NOW AVAILABLE: The Cambridge Handbook on Climate Litigation
The new project from the IUCN World Commission on Environmental Law’s Climate Change Law Specialist Group represents a comprehensive resource for climate change litigation.
In recent years, insufficient legislative and executive climate action has fostered a significant increase in litigation as an avenue to address this pressing global issue.
With more than 2,500 climate-related cases filed worldwide, the field is rapidly evolving, both in terms of geography and legal substance, but lacks a comprehensive resource covering the topics that most frequently arise. The Cambridge Handbook on Climate Litigation – a project of the IUCN World Commission on Environmental Law’s Climate Change Law Specialist Group – addresses this gap by offering an authoritative guide to this complex landscape.
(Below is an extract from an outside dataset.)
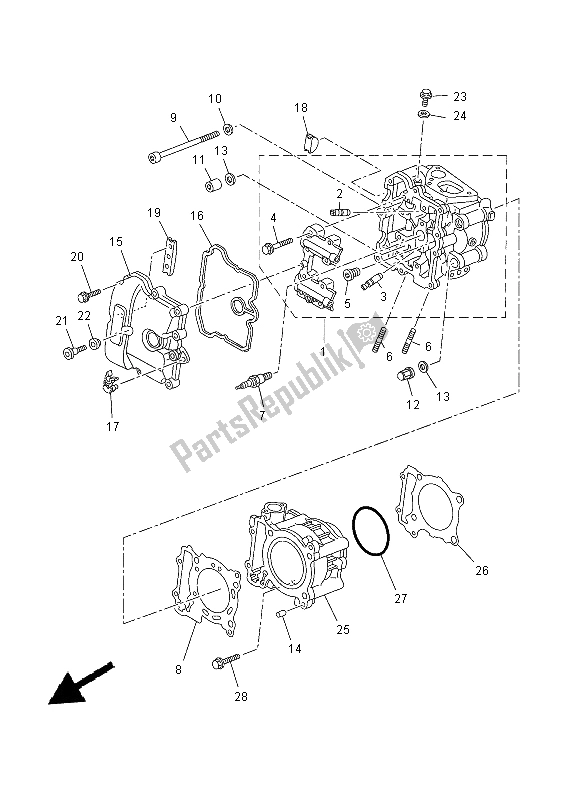 All parts for the Cylinder of the Yamaha YP 400R 2015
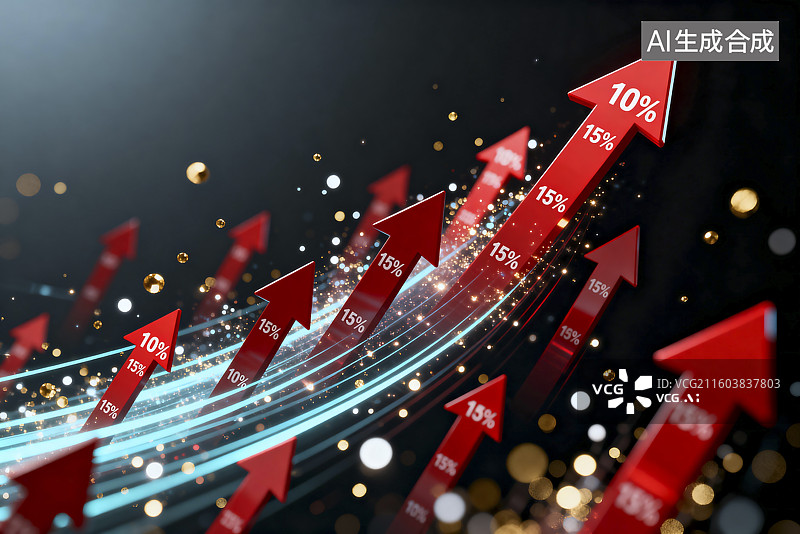 【AI数字艺术】红色箭头显示积极增长趋势图片素材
Edited by Margaretha Wewerinke-Singh and Sarah Mead, and authored by recognised experts in the field, the Handbook comprises 20 chapters, each of which analyse a key issue relevant to contemporary climate litigation. These issues include standing, human rights, international law, the separation of powers doctrine, and state responsibility, with each chapter (i) describing how courts have dealt with the topic to date, (ii) identifying emerging best practices, and (iii) suggesting to what extent and how these findings may be scalable across jurisdictions.
Through this analytical approach, the Handbook provides a wealth of guidance that will help judges, lawyers, scholars, and other actors navigate the intricacies of climate litigation. In so doing, the book also offers insights into the future of the field and its ability to contribute to law and policy, as well as the survival of our planet.
The Handbook is now freely available online and available in hard copy.